本作の主題は「暴力の連鎖」。復讐は新たな復讐を生み、お互いにかけがえのない存在を失うことになる。ギャングのボスであるビリー(ギャレット・ヘドランド)がニックと対峙して「お前の姿、俺たちと同じだぜ」と呟くが、この台詞は映画のテーマを集約した素晴らしい台詞だと思う。その台詞があるからこそ、最後の場面でのニックの姿が寂しく切なく映って、感慨深さがあった。

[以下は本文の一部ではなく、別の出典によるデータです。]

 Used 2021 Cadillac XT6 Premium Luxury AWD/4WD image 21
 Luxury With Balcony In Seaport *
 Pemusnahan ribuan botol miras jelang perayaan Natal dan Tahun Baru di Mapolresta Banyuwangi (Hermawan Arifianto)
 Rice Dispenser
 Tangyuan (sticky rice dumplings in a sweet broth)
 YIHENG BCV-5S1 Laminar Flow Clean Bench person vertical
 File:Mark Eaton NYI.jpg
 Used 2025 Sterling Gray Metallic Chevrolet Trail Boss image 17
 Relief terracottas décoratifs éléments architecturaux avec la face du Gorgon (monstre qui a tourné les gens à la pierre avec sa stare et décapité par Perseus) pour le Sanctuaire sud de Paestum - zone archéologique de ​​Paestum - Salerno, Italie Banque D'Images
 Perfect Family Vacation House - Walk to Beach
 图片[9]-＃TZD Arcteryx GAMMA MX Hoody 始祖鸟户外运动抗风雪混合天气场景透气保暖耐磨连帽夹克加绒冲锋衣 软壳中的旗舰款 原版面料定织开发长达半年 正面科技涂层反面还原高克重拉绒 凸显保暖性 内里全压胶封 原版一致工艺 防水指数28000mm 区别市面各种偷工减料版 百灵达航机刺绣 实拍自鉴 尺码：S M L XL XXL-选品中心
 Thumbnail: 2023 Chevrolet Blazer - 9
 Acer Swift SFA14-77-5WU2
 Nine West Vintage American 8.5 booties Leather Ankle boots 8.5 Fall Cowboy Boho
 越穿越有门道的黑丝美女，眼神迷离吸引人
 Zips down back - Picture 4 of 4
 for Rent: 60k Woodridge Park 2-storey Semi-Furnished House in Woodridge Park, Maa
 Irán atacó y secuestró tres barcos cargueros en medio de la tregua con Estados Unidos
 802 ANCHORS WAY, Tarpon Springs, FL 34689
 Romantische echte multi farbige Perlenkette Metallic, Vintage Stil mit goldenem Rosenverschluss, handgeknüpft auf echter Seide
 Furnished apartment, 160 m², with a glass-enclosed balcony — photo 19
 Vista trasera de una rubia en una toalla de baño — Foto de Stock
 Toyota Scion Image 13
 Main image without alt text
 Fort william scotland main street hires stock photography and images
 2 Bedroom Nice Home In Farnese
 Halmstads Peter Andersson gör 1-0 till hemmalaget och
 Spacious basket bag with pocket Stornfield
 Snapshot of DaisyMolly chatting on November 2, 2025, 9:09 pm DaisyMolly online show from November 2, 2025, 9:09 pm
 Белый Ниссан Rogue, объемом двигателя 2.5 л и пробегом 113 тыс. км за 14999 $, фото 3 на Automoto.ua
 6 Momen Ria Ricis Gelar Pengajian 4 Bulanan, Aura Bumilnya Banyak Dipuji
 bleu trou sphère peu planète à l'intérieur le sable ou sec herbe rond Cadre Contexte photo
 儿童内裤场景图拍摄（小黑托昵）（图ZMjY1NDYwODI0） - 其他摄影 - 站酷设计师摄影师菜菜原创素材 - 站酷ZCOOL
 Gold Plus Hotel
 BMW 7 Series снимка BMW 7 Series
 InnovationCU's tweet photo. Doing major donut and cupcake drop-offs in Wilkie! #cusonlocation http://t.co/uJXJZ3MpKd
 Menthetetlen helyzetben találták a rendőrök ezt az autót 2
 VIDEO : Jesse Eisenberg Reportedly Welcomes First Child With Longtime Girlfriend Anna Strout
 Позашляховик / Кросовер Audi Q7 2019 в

問題があるとすれば、中盤でのギャングたちの行動。演出の問題でギャングが迂闊に見えてしまって、リアリティが欠落しているというか。RHYMESTER宇多丸師匠も指摘していたけれど、ニックやその家族を殺すつもりならそれぞれに一発しか銃を撃たないなんてことはないはずで、それなら完璧に止めを刺す前にパトカーのサイレンが聞こえてきたので逃走した、という方がリアリティもあるし、ギャングらしい行動に思えるのになあ。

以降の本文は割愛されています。